But Trump has argued it is his right as commander-in-chief to confront terrorist threats, as he claims drug traffickers to be. He did, however, say he would approach Congress if he moves forward with attacks on overland targets, something he has been teasing in recent weeks.

“We’ll probably go back to Congress and explain exactly what we’re doing when we come to the land. We don’t have to do that,” Trump said, turning to Secretary of State Marco Rubio. “But I think, Marco, I’d like to do that.”

He emphasised that an attack on a land-based target may be imminent.

“Something very serious is going to happen, the equivalent of what’s happening by sea,” Trump said.

All of the US military strikes so far against suspected drug traffickers have been at sea. Critics have questioned that strategy, though, pointing out that the US government’s research indicates that most drug trafficking occurs through overland routes and official ports of entry, particularly along the southern border.

Human rights experts have also pointed out that the attacks likely violated US and international law, which prohibits extrajudicial killings outside of combat.

Labelling someone a “terrorist” is not legally sufficient to justify such an attack, and the Trump administration has not yet provided evidence of wrongdoing in any of the nine cases of boats being bombed.

On Tuesday, three United Nations experts issued a joint letter denouncing the bombing campaign, describing it as a breach of the UN Charter. These bombings, they said, do not constitute an act of self-defence.

“The use of lethal force in international waters without proper legal basis violates the international law of the sea and amounts to extrajudicial execution,” the UN experts wrote.

“The long history of external interventions in Latin America must not be repeated.”

But on Wednesday, Hegseth repeated the administration’s argument that drug traffickers are enemy fighters, equivalent to armed groups like al-Qaeda.

“Just as Al Qaeda waged war on our homeland, these cartels are waging war on our border and our people.

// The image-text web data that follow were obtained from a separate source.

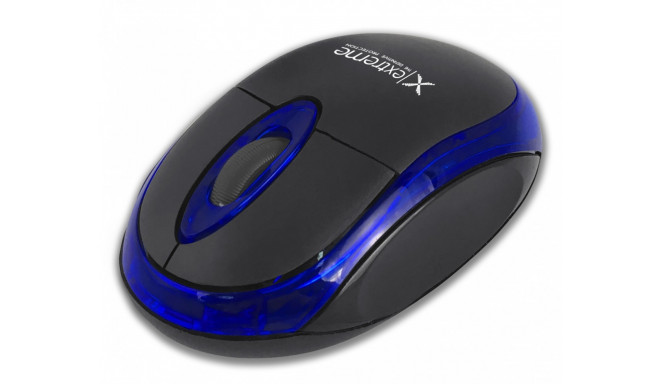 Cyngus Bluetooth 3D wireless mouse optical blue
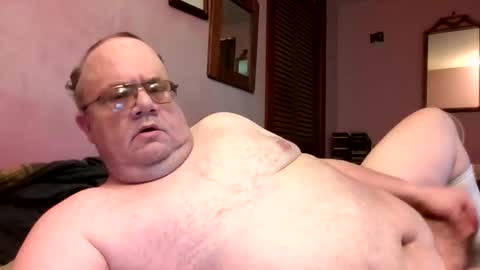 Chris The Jerk Off King online show from 04-21-26, 08:12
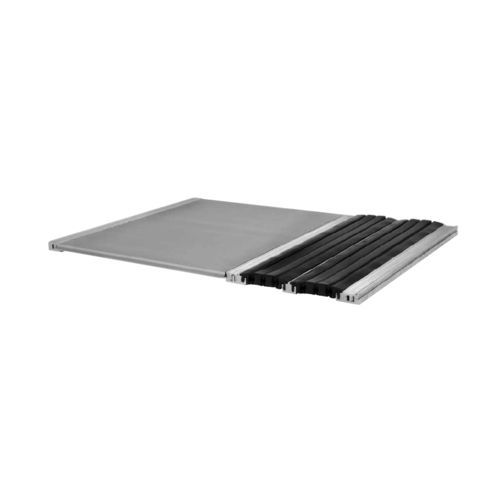 Giunto di dilatazione in gomma - K MOVE M60 - Tecno K Giunti - in alluminio / da pavimento / per giunti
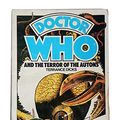 Cover Art for 9780426106395, Doctor Who and the Terror of the Autons by Terrance Dicks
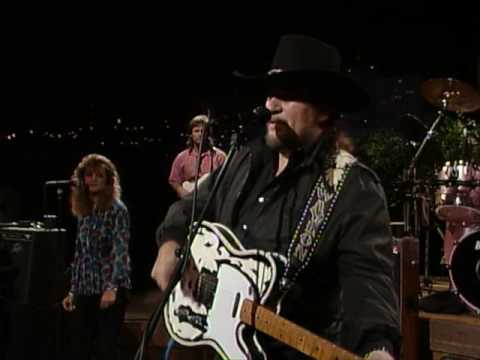 Waylon Jennings - "Trouble Man" [Live from Austin, TX]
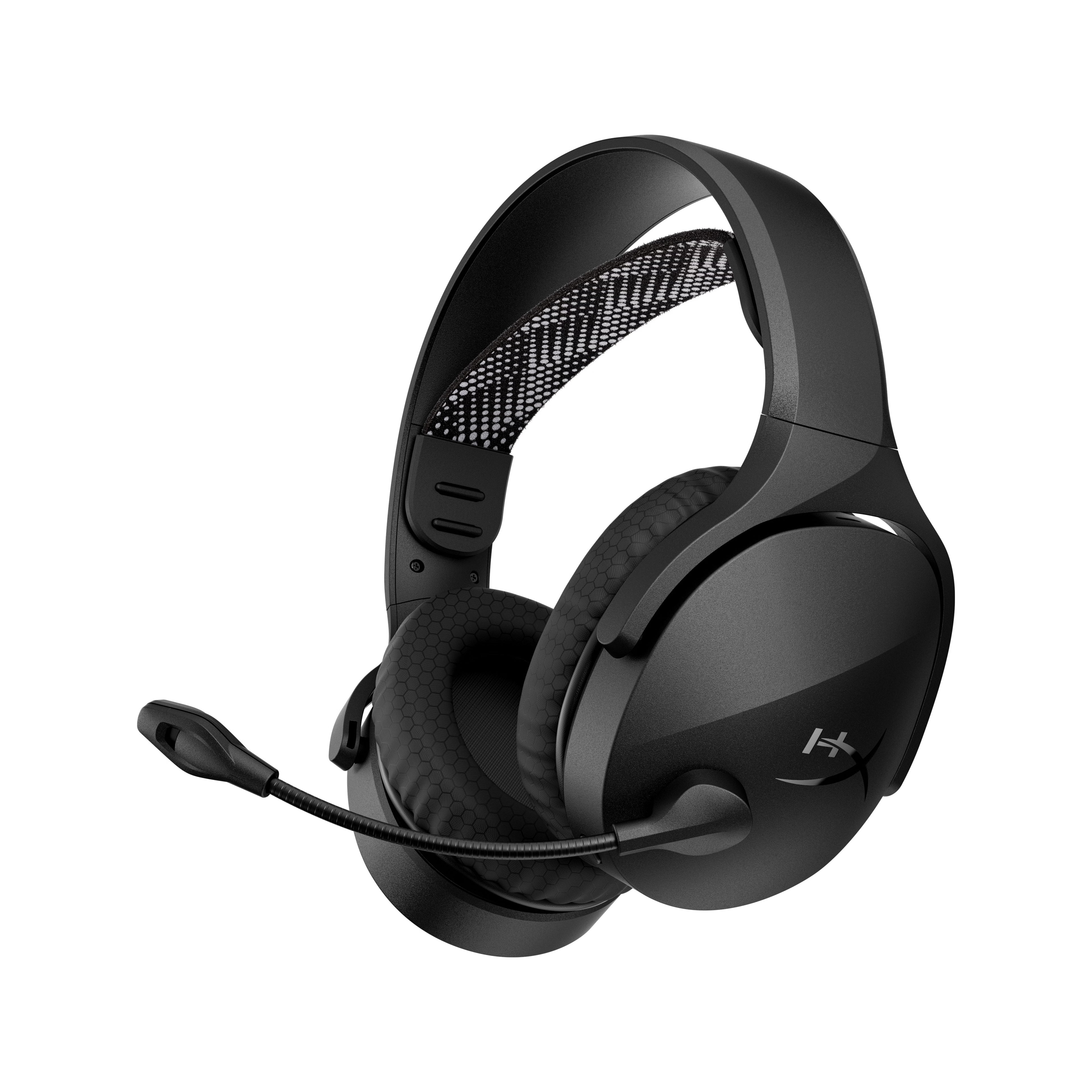 Casque Gaming HyperX Cloud Jet Sans Fil Noir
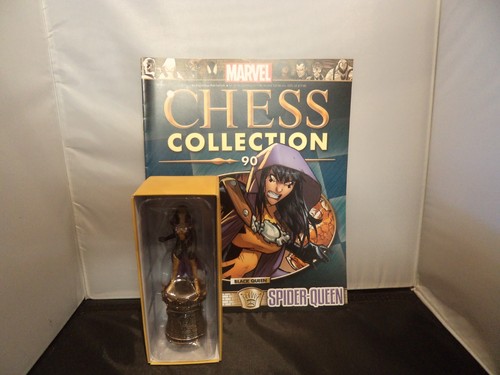 Eaglemoss marvel chess - eaglemoss,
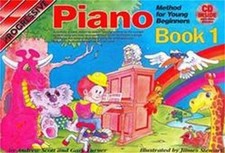 Progressive Piano Method For Young Beginners 1 Scott Turner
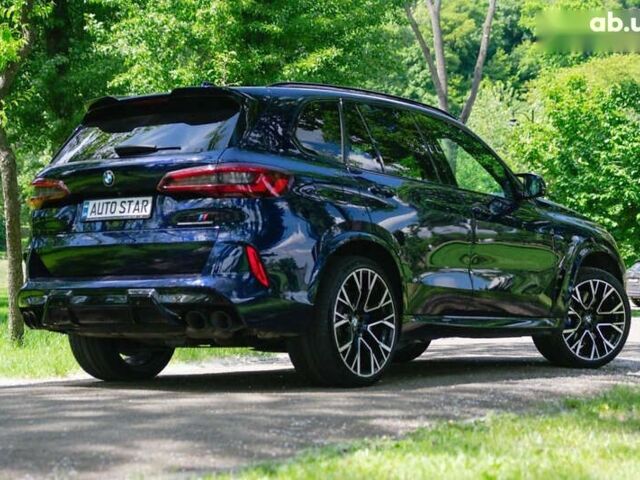 БМВ Х5 М, объемом двигателя 4.4 л и пробегом 92 тыс. км за 98800 $, фото 5 на Automoto.ua
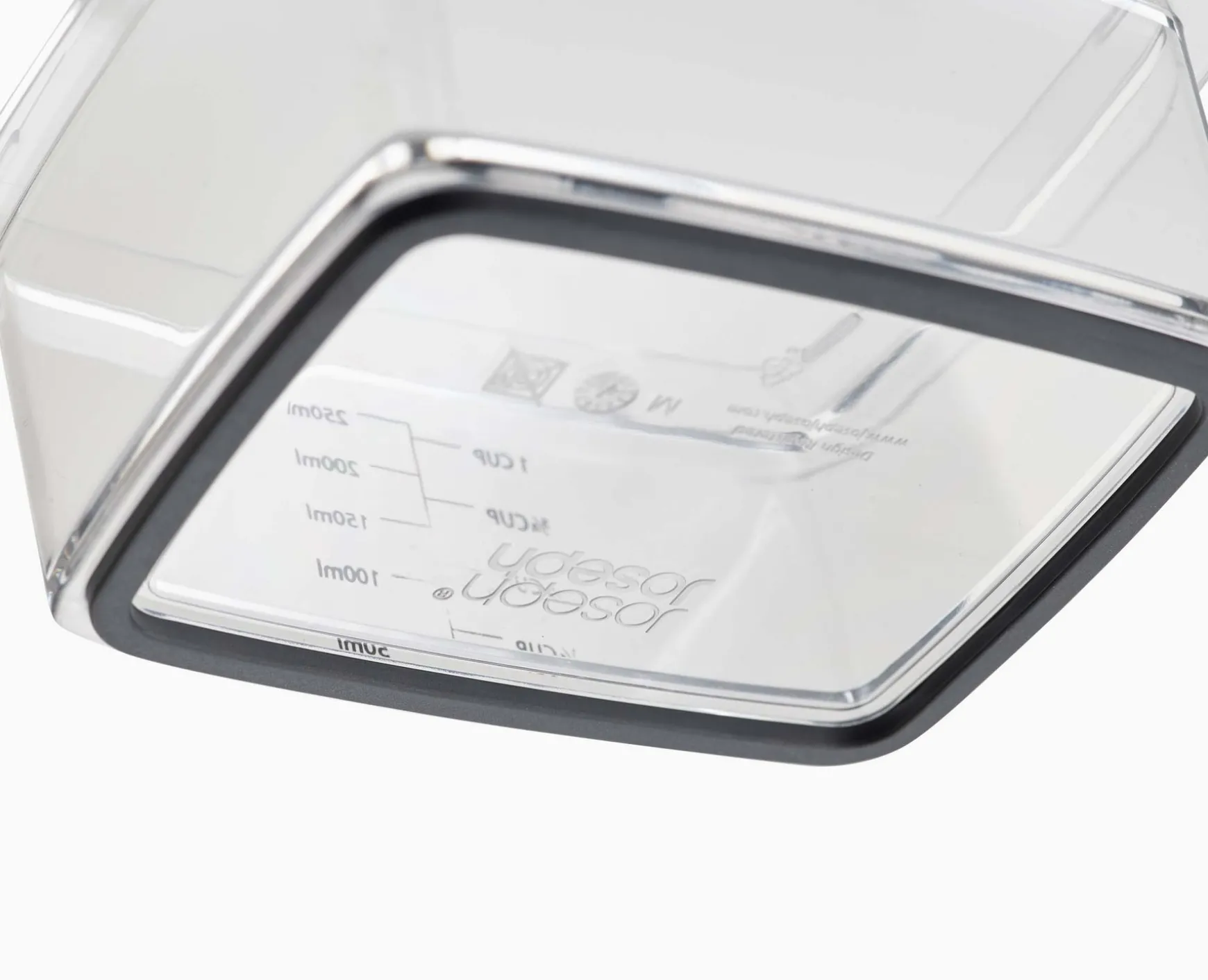 Joseph Joseph Multi-Grip™ Box Grater with Precision Food-Grip- Graters & Zesters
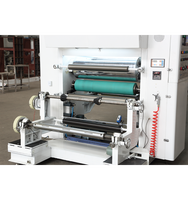 Machine à plastifier à sec pour sacs windows 1100mm avec solvant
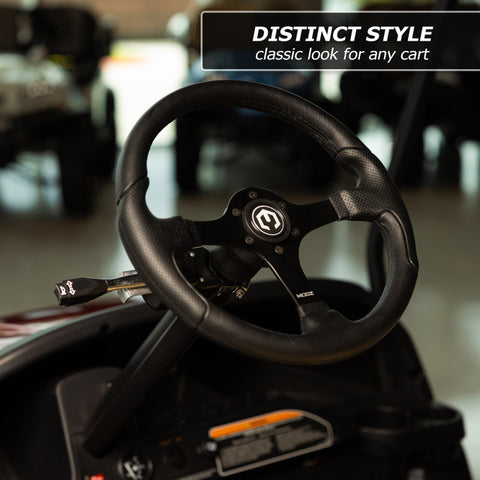 MODZ® Driskill Golf Cart Steering Wheel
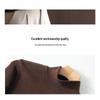Langsha Women's Thermal Mock Neck Long Sleeve Base Layer T-Shirt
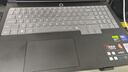 极川 联想拯救者Y9000P/R9000P/Y7000P/R7000P AI元启键盘膜2025款笔记本电脑键盘保护膜TPU超薄防尘罩 实拍图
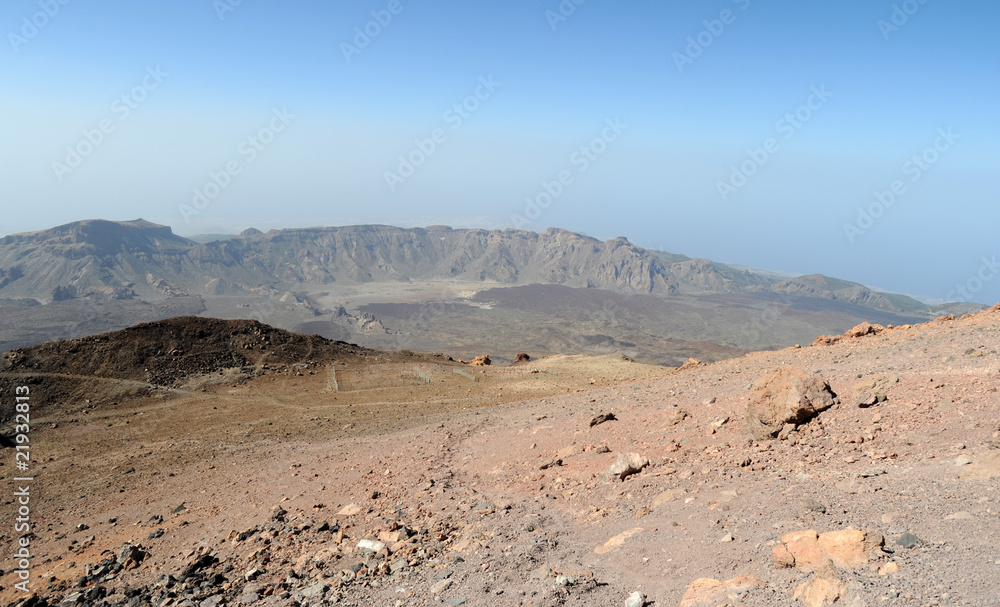 Parc National du Teide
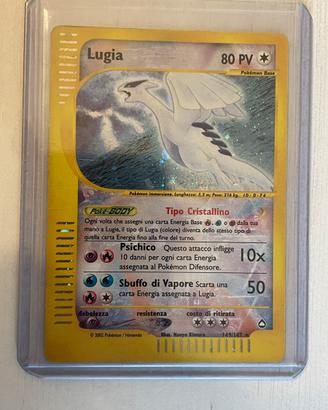 Pokémon Lugia Aquapolis 149/147 Holo Secret Rare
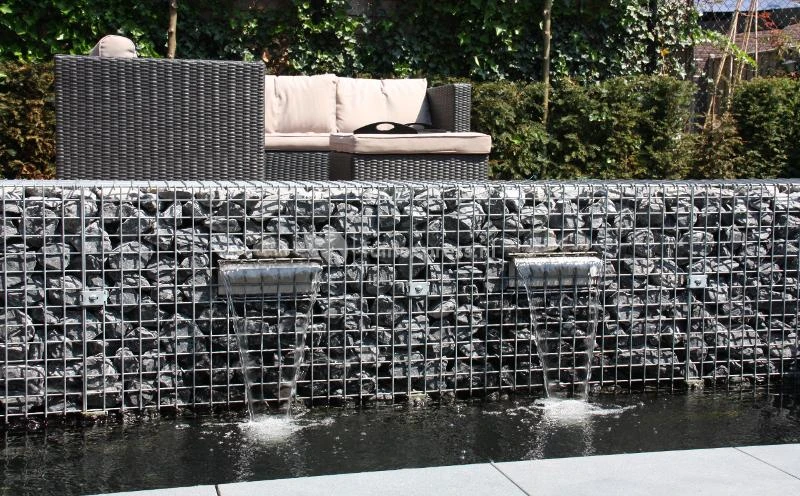 Ubbink Niagara 30 Rvs Waterval 3 Ubbink Niagara 30 Rvs Waterval - Afbeelding 3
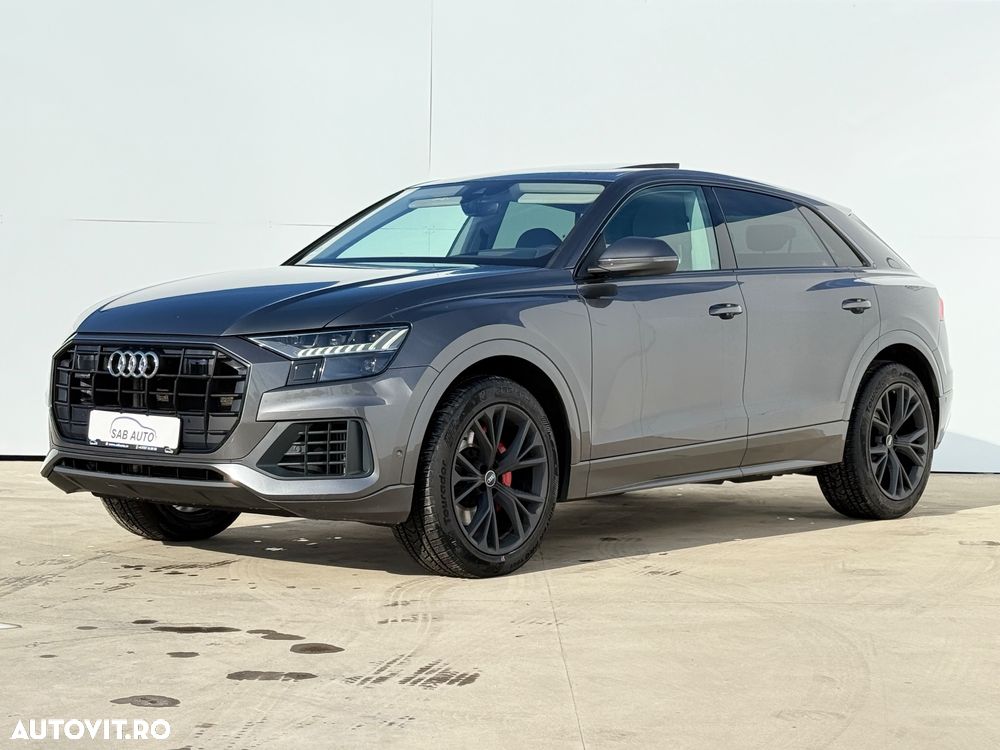 Audi Q8 3.0 55 TFSI quattro Tiptronic MHEV - 2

There will be no refuge or forgiveness — only justice,” Hegseth wrote in his statement.

Experts, however, have argued that Trump has stretched the “terrorism” label beyond its original meaning, to justify ever more aggressive actions.

“There’s a world of difference between these (alleged) unspecified narcos and al Qaeda,” Brian Finucane, a researcher with the International Crisis Group nonprofit, posted on social media.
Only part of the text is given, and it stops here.